## Dataset excerpts
○ ○ ○ ○

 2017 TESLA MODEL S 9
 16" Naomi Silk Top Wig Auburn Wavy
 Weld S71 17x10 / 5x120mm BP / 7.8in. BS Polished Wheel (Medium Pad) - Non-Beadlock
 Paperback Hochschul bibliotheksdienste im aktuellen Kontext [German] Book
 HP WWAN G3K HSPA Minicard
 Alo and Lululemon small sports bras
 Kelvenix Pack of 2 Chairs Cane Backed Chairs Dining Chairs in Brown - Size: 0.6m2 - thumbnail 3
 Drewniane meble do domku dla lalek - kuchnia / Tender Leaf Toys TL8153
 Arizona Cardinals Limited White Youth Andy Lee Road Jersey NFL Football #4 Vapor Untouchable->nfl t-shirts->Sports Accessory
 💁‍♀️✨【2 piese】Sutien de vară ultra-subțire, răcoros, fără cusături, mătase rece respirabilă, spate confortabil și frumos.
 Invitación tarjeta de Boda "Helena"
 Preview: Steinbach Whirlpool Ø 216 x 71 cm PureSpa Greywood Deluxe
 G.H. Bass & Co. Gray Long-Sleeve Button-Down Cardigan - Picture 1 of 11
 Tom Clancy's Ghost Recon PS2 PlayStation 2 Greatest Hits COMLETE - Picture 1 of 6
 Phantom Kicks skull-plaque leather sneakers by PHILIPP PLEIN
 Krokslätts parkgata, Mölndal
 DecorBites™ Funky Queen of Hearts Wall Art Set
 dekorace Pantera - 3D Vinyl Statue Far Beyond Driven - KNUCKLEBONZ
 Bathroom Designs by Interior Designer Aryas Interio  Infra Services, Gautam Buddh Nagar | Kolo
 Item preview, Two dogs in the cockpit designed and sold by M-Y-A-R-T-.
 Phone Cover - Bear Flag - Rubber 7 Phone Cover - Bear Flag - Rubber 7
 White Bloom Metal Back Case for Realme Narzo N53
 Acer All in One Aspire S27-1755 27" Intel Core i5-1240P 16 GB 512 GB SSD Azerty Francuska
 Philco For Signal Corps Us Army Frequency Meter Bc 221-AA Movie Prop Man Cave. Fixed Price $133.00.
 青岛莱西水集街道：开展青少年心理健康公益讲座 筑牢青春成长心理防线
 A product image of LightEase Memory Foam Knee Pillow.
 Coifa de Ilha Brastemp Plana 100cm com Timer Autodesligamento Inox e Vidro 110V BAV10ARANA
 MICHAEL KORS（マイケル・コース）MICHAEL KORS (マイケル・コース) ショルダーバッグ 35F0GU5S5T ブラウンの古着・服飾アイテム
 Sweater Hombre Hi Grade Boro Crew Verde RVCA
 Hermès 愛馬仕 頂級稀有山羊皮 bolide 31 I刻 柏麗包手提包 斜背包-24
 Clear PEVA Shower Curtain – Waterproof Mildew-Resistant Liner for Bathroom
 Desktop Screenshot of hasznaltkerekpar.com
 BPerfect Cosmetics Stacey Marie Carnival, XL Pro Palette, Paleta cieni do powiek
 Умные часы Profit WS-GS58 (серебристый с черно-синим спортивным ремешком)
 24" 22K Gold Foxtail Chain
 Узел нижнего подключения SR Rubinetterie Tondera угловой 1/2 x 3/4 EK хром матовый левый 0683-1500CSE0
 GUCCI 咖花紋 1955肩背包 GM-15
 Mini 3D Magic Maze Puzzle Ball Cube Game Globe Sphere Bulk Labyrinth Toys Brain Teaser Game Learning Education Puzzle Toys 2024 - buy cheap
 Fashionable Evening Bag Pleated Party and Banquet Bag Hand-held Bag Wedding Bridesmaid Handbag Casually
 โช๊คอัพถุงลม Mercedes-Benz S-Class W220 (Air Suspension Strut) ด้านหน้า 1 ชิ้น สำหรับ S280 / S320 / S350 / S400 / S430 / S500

○ ○ ○ ○

## What you have to do
Begin at the line that has "GUCCI 咖花紋 1955肩背包 GM-15" in the entries above; stop after the line that has "Mini 3D Magic". Transcribe exactly those lines and no others.

## Answer section
 GUCCI 咖花紋 1955肩背包 GM-15
 Mini 3D Magic Maze Puzzle Ball Cube Game Globe Sphere Bulk Labyrinth Toys Brain Teaser Game Learning Education Puzzle Toys 2024 - buy cheap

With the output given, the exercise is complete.